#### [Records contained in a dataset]

Content starts

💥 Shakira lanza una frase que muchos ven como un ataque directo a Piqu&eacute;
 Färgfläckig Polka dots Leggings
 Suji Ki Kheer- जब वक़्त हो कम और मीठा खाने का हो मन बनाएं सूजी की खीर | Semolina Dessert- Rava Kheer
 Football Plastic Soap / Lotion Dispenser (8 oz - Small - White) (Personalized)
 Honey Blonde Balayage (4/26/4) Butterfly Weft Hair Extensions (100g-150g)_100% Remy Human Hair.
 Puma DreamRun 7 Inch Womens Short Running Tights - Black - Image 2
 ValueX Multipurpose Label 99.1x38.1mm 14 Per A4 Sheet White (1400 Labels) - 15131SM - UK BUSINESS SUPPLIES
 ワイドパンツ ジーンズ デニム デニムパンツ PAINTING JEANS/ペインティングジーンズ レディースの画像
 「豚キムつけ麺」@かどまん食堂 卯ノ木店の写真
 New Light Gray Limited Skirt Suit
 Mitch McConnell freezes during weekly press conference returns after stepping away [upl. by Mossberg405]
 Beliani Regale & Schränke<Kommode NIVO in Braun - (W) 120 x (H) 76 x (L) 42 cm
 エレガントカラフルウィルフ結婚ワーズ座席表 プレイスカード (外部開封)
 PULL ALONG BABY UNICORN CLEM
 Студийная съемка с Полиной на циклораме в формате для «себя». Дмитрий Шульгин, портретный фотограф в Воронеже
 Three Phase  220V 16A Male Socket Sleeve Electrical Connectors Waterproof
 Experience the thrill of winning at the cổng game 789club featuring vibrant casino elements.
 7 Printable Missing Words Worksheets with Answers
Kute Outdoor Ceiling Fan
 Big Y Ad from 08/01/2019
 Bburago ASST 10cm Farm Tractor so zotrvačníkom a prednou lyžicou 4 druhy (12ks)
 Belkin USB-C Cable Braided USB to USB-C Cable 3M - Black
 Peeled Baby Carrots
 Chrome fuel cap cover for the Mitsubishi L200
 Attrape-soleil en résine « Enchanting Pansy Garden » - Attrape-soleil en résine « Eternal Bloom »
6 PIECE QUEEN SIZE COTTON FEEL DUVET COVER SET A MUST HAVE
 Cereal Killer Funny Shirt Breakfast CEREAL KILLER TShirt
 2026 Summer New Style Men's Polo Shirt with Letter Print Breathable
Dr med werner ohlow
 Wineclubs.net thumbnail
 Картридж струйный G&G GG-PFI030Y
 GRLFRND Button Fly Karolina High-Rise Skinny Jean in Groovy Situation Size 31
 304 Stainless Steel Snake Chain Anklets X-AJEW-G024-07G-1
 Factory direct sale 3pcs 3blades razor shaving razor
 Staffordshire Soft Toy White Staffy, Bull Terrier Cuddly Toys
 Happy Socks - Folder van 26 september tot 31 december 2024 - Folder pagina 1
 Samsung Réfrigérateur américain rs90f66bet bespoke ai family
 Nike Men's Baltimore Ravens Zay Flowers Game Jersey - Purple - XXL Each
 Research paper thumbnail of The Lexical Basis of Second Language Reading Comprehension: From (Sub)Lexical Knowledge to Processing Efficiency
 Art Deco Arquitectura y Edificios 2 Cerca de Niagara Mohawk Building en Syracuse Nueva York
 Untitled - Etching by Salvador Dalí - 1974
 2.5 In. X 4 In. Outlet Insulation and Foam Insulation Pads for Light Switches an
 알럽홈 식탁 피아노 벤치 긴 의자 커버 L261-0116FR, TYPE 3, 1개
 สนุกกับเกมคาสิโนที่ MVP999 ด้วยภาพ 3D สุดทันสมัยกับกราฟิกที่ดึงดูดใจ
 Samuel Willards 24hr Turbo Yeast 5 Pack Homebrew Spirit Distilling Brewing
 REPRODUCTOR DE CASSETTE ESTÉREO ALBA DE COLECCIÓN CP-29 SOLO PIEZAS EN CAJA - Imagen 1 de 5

Content ends

#### [WORK TASK]
Exactly as they stand, set down the lines from the top of the data through the line with "Beliani Regale &".

#### [YOUR RESPONSE]
💥 Shakira lanza una frase que muchos ven como un ataque directo a Piqu&eacute;
 Färgfläckig Polka dots Leggings
 Suji Ki Kheer- जब वक़्त हो कम और मीठा खाने का हो मन बनाएं सूजी की खीर | Semolina Dessert- Rava Kheer
 Football Plastic Soap / Lotion Dispenser (8 oz - Small - White) (Personalized)
 Honey Blonde Balayage (4/26/4) Butterfly Weft Hair Extensions (100g-150g)_100% Remy Human Hair.
 Puma DreamRun 7 Inch Womens Short Running Tights - Black - Image 2
 ValueX Multipurpose Label 99.1x38.1mm 14 Per A4 Sheet White (1400 Labels) - 15131SM - UK BUSINESS SUPPLIES
 ワイドパンツ ジーンズ デニム デニムパンツ PAINTING JEANS/ペインティングジーンズ レディースの画像
 「豚キムつけ麺」@かどまん食堂 卯ノ木店の写真
 New Light Gray Limited Skirt Suit
 Mitch McConnell freezes during weekly press conference returns after stepping away [upl. by Mossberg405]
 Beliani Regale & Schränke<Kommode NIVO in Braun - (W) 120 x (H) 76 x (L) 42 cm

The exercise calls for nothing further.